Nationally, the hospital consolidation craze has leveled off since its 2006 peak, but Kaiser Health News senior correspondent Julie Appleby, an AHCJ board member, reports that acquisitions are on the march again, especially in the mid-Atlantic region. Appleby found that this rising wave is due, in part at least, to health care reform and its emphasis on integrated care and Accountable Care Organizations.
Hospital leaders from Baltimore to Seattle say the health law approved by Congress in March gives them even more reason to merge with or buy rivals because of its emphasis on integrated systems where hospitals and doctors better coordinate care.
Also fueling the trend: More doctors want to be employed directly by hospitals, allowing them more job security without the hassles of running a business. But hiring groups of doctors can be an “expensive and daunting proposition” for a stand-alone facility, says Steven Thompson, senior vice president for Johns Hopkins Medicine.

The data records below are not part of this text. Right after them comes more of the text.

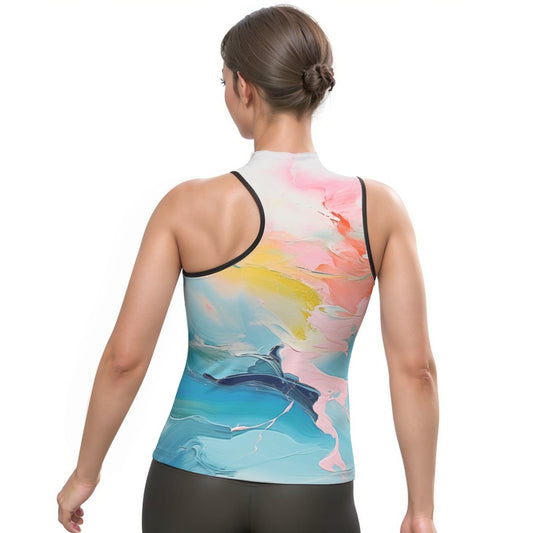 All-Over Print Women's Halter Sleeveless Asymmetrical Tank Top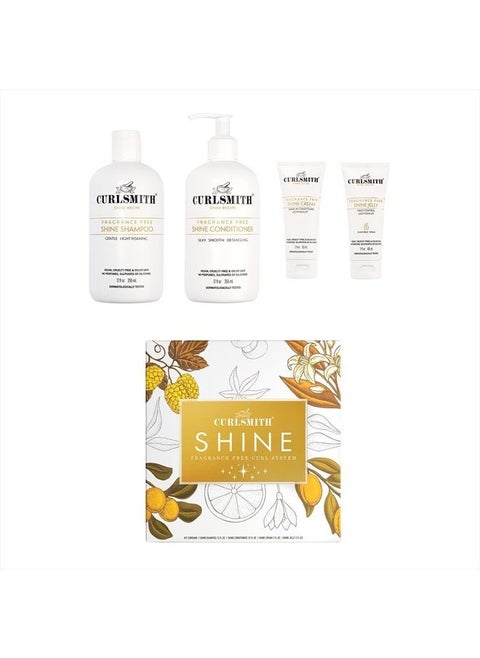 Curlsmith - Shine Kit, Shampoo, Conditioner, Jelly & Cream, Sensitive, Fragrance Free, for All Curl and Hair Types, Vegan, 2 x 12 fl oz, 2 x 2 fl oz
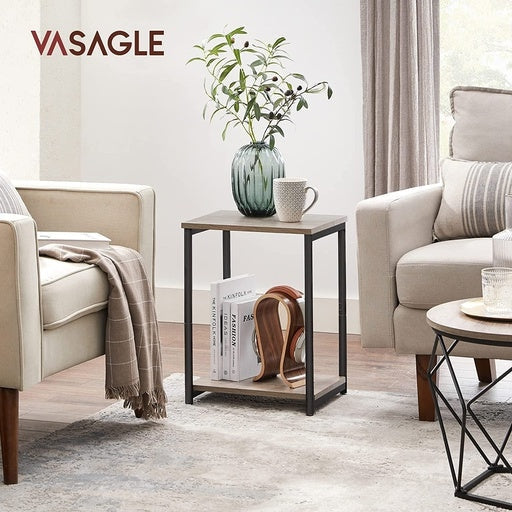 Vasagle Set of 2 End Tables with Storage Shelf Steel Frame - Greige and Black Side Table Fast shipping On sale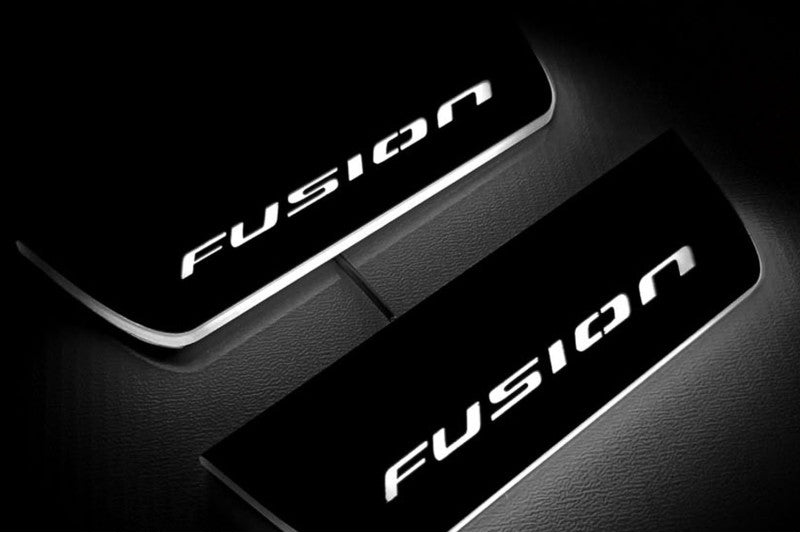 Ford Fusion II 2012-2020 LED Door Sills PRO With Logo Fusion Ford Led Door Sills opdesign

Nationally and locally, he says, “it’s fair to say that (independent) hospitals are talking with everyone, feeling that they don’t want to be the last one standing.”
Other causes include increasingly contentious negotiations with insurers, more direct employment of doctors and access to the capital needed to adopt things like electronic medical records.
We were pointed to the KHN story by AHCJ Immediate Past President Trudy Lieberman’s cjr.org column, in which she compares hospital consolidation to HMOs and insurance consolidation.
It was good to see Appleby’s story, because the media pretty much gave hospitals a bye during the reform debate, instead making insurance companies the saga’s primary villains. Quietly, though, it seems the hospitals were up to the same thing as the insurers—organizing themselves into larger and larger groups with tons of market power to keep insurance premiums in the stratosphere.